Twomey Schriber Property Group sales adviser Daniel Roser estimated four times as many clients were looking for an investment property compared to 2023.
“A lot of people in Covid were looking to upgrade their lifestyle and move into bigger, nicer homes,” Mr Roser said.
“This year, our big focus was a lot of investment properties … I’d have to say about 40 per cent of my sales were to investors, which was a pretty large portion of the market.”
Despite competition from investors, Mr Roser said there was still great value on offer for families in the south of Cairns.
“Bentley Park, Edmonton, Gordonvale, all went very well, just due to good entry and price points,” Mr Roser said.
“You can still get brand new homes at around $500,000, which is just really good value for money.”
Mr Galloway-Penney said those looking for an investment property should also consider broadening their scope.
“Innisfail has been touted as one of the fastest-growing regional economies in Queensland from agriculture, tourism, and manufacturing,” he said.
“I think it’s going to be a big boom suburb for investors.
“Next year I would be looking at potentially investing into Innisfail.”
RENTERS
For renters, 2024 was a grim year, with the region’s vacancy rates staying at less than 1 per cent and prices rising.
But Mr Galloway-Penney was optimistic a shift away from holiday rentals could free up supply.
“I feel the Airbnb market is starting to drop off a bit … the owners that are currently owning Airbnb’s are transferring a lot of stock into permanent rentals,” Mr Galloway-Penney said.

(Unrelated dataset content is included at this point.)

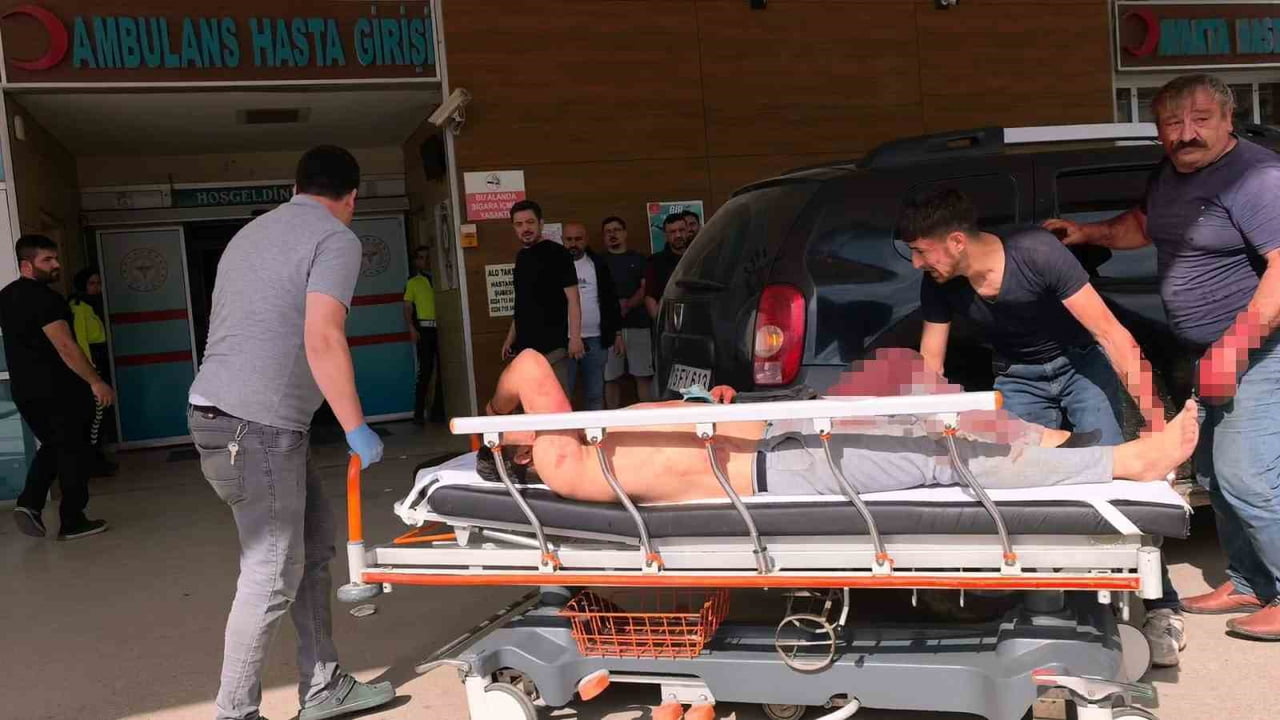 BURSA'NIN İNEGÖL İLÇESİNDE AMCA ÇOCUKLARI ARASINDA ÇIKAN BIÇAKLI KAVGADA 1 KİŞİ AĞIR...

“I still think there’s good value from rents in the inner-city areas like Cairns North, even Cairns CBD, value for money-wise, you’re getting some beautiful units in the city that are renting out quite well.

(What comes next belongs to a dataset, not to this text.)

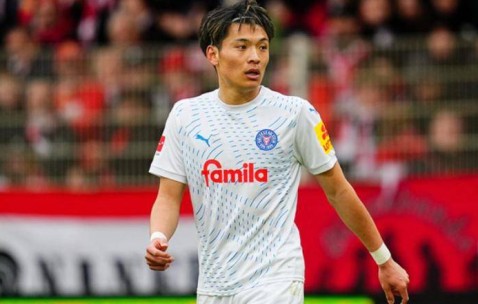 联赛4级跳，德甲进10球！日本草根“不挑食”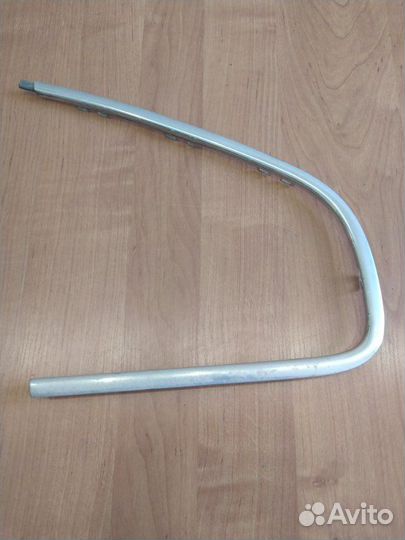 Молдинг стекла задний левый Volkswagen Passat B5+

“Even Edge Hill and Whitfield are still quite affordable suburbs to rent in, you can still pick up a two-bedroom apartment in Edge Hill for $500 a week.”
Despite the value in some suburbs Mr Galloway-Penney admitted the market was still tough and suggested renters be as organised as they could be to get ahead.
“Look, it’s slim pickings … we’re still under 1 per cent for vacancy rates at the moment,” Mr Galloway-Penney said.
“Come ready to go with pre-written reference letters from previous landlords or property managers and come in with all your documentation .... and make sure you’re available to attend inspections.
“It is really tough for a property manager to get a gauge on a viable tenant without being able to meet them.”